Los antropólogos y los etnólogos tienen claro desde hace muchas décadas que los cuentos infantiles, ya sea en su forma oral más tradicional o escritos, tienen muchísima más importancia de lo que parece para la formación de los miembros de una cultura, de cualquier cultura. Por un lado, porque son un mecanismo perfecto para la transmisión de conocimientos, especialmente de conocimientos morales y éticos. Además, las historias fantásticas suelen reflejar la estructura de las costumbres y las creencias de una sociedad determinada. Sí, en nuestra autodenominada, altiva y presunta sociedad moderna parecen haberse reducido a un mero entretenimiento para niños, aunque aún mantienen ese importante rol de vehículo para transmitir valores. Pero a lo largo de la historia su papel ha sido mucho más importante, especialmente en las mal llamadas sociedades «primitivas». De hecho, los etnólogos han conseguido averiguar muchas ideas sobre un buen número de estos pueblos gracias a las historias que de generación en generación se transmiten entre niños adultos y niños «niños».
El propio Freud, padre del psicoanálisis, les dio mucha importancia, considerando que los elementos mágicos que suelen contener eran una expresión simbólica de los deseos humanos.
Por otro lado, los cuentos también son un mecanismo perfecto para provocar o transmitir reflexiones de una manera sencilla. Platón, por ejemplo, lo tenía claro, y utilizó narraciones de este tipo para explicar conceptos complejos —sirvan como ejemplo su famosísimo Mito de la Caverna o el Mito del Auriga, con el que pretendía explicar las partes del alma—. El propio Jesús de Nazaret utilizó pequeñas historias, sus famosas y originales parábolas, para explicar a sus discípulos algunas de las ideas que quería transmitir.
Todas estas narraciones comparten algo: la idea de que mediante una historia ficticia sencilla se puede transmitir una enseñanza compleja, sobre todo, repito, relacionada con valores morales. De ahí la habitual moraleja, casi siempre presente de forma más o menos explícita al final de los cuentos y los mitos.

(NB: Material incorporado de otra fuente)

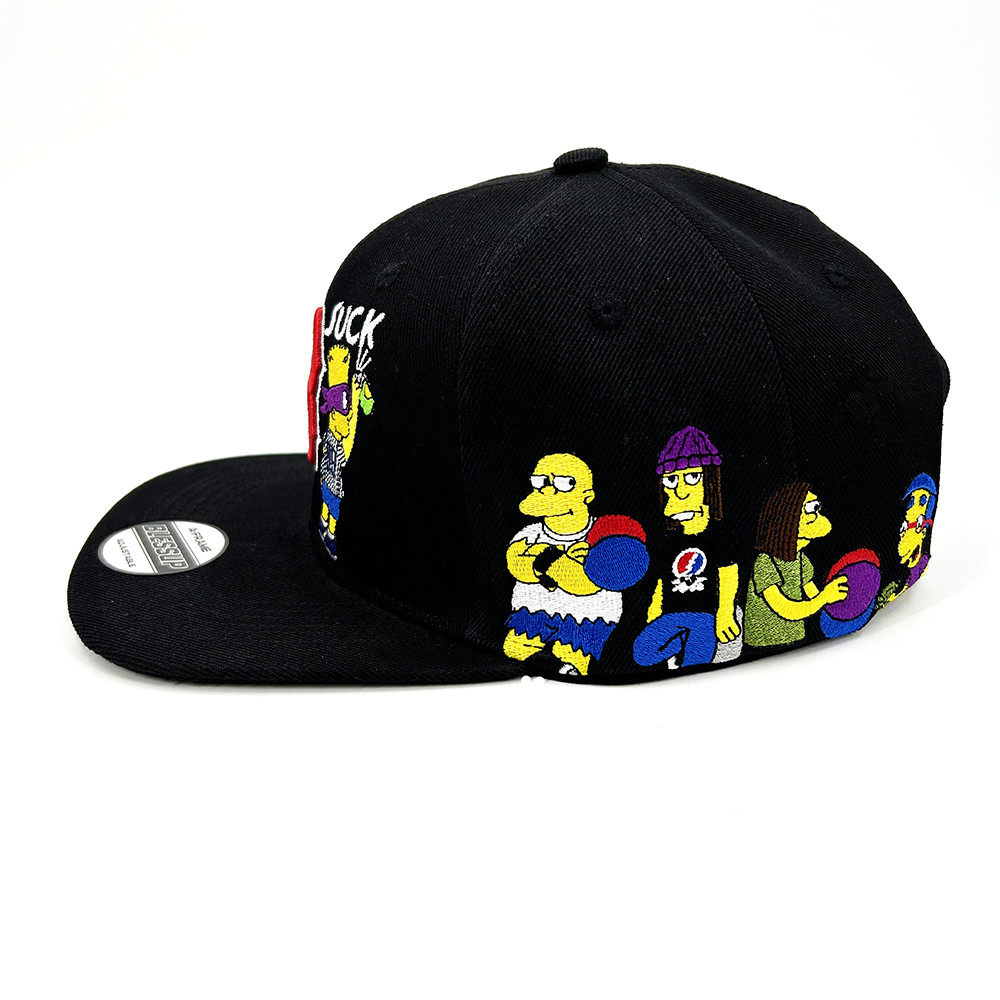 Customized 6 Panel Unisex Embroidered Snapback Caps Acrylic Flat Bill Hip Hop Adjustable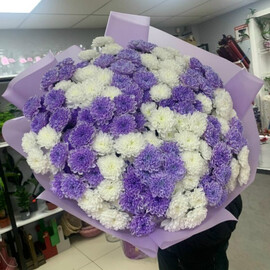 Огромный букет из  хризантем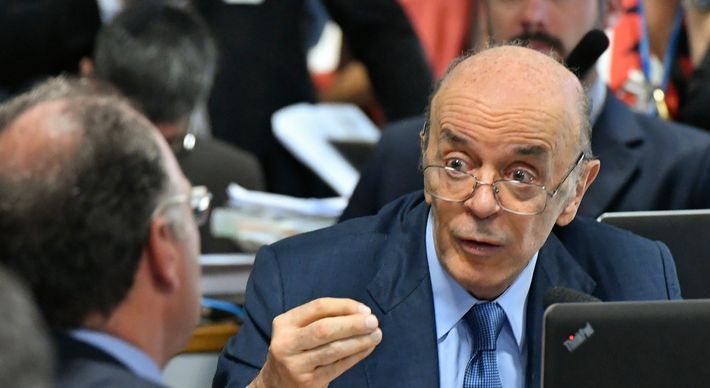 O ex-governador de São Paulo e atual senador, José Serra, alegou que a operação tem como base 'fatos antigos e prescritos'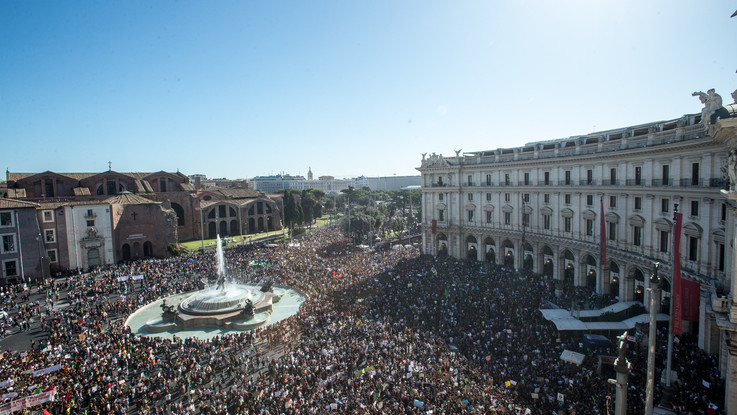 Fridays for Future, più di un milione di studenti ai cortei in tutta Italia
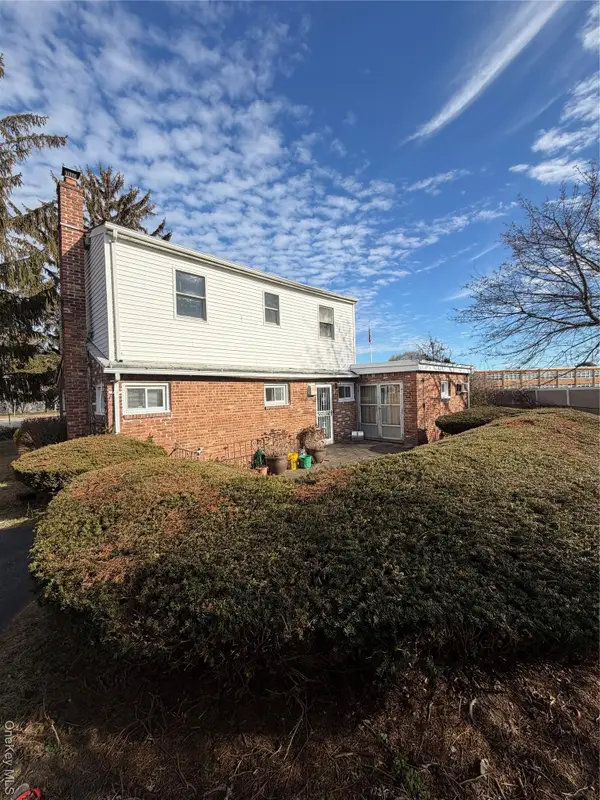 40 East Cherry, Central Islip, NY 11722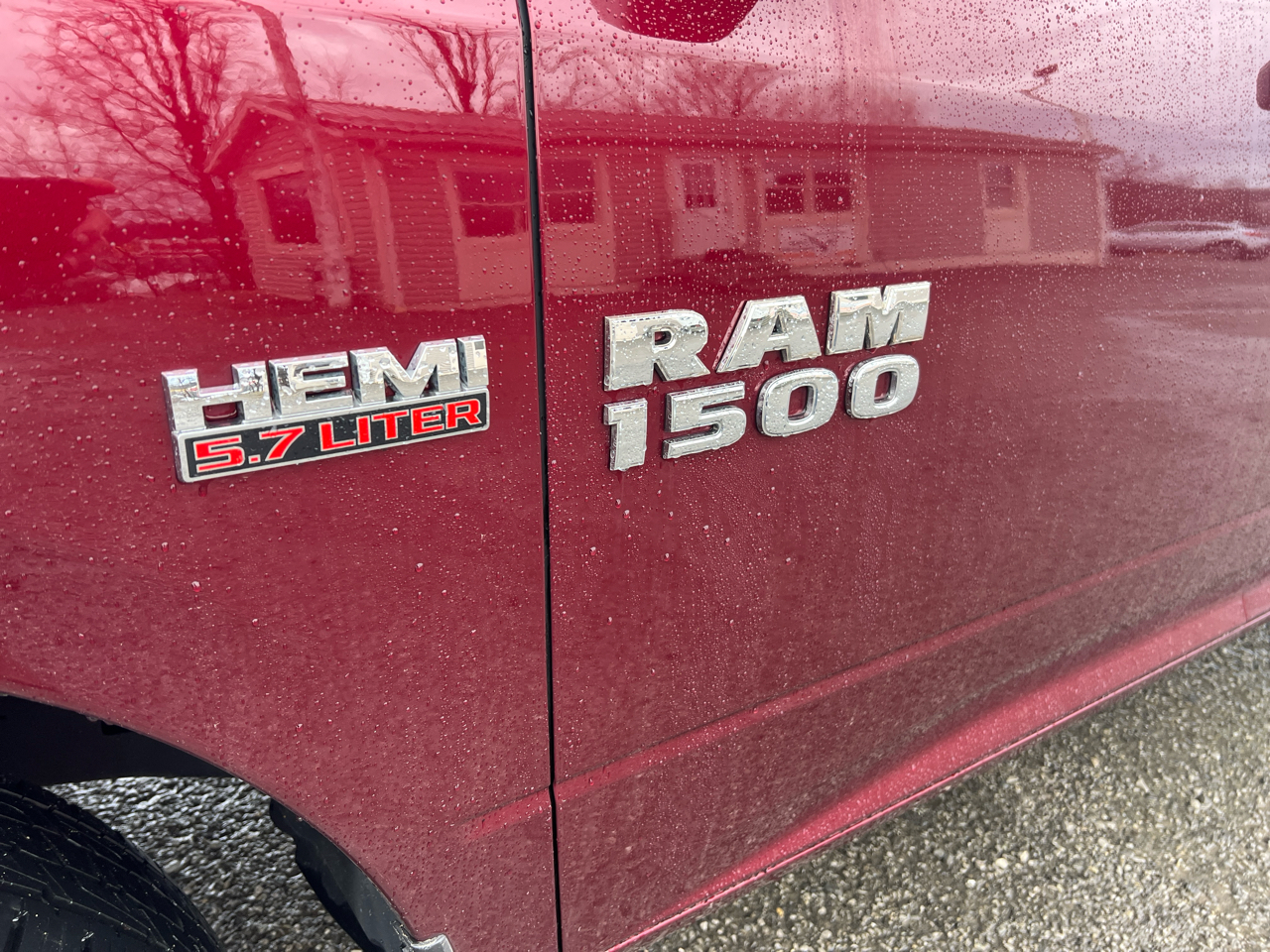 RAM 1500 Express 4x4 Quad Cab 6'4" Box 2018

Esto, precisamente esto, es lo que hace Nuria Ardevol Piñol en su extraordinaria y original obra Cuentos de la abuela, publicada recientemente por la editorial Círculo Rojo.
La antología está compuesta por tres narraciones breves: La princesa cautiva del dragón (que cuenta la historia de una princesa que, por su soberbia y orgullo, es castigada por un hada a permanecer recluida en un castillo bajo la custodia de un dragón), Las princesas del castillo encantado (protagonizada por Rosa y Margarita, dos princesitas bellísimas y bondadosas que vivían, junto a sus padres y sus súbditos, en un castillo del que no podían salir, y al que nadie podía entrar; no sabían el motivo, pero sus padres les prometieron que lo descubrirían cuando fuesen mayores de edad…) y La princesa Jasmín (la historia de otra princesa, Jasmín, orgullosa y poco generosa, altiva, maleducada y poco piadosa, que, por su actitud, fue maldecida por la reina de las hadas y se convirtió en rana).
Por supuesto, no es mi intención desvelar en exceso el contenido de esta obra. Tendrán que leerla para comprender mejor su planteamiento. Pero hay algunas ideas que merece la pena reseñar.
Y es que, tras le mediante los cuentos de hadas se puede ayudar a los niños y a las niñas a aprender valores esenciales para su posterior devenir existencial: por ejemplo, que la soberbia y el orgullo son perjudiciales tanto para uno mismo como para las relaciones interpersonales, que hay que ser noble y generoso con los demás, la importancia del perdón y el arrepentimiento, lo poco que cuesta ser amable con los demás y lo mucho que se gana con ello, lo trascendental que resulta ser empático para vivir felices y desarrollar sanas y justas convivencias, etc.
En resumidas cuentas, Cuentos de la abuela es una obra tan entretenida como recomendable. Les puedo asegurar que si todos hiciésemos caso a estas sencillas ideas, y practicásemos los interesantes razonamientos que nos propone, la vida nos iría de otra manera y seríamos más felices y plenos.
Además, les aseguro que, si sus hijos —o ustedes— leen este libro, a partir de ese momento verán los cuentos de hadas de otra manera, como lo que realmente son: sabiduría ancestral vestida de simple fantasía.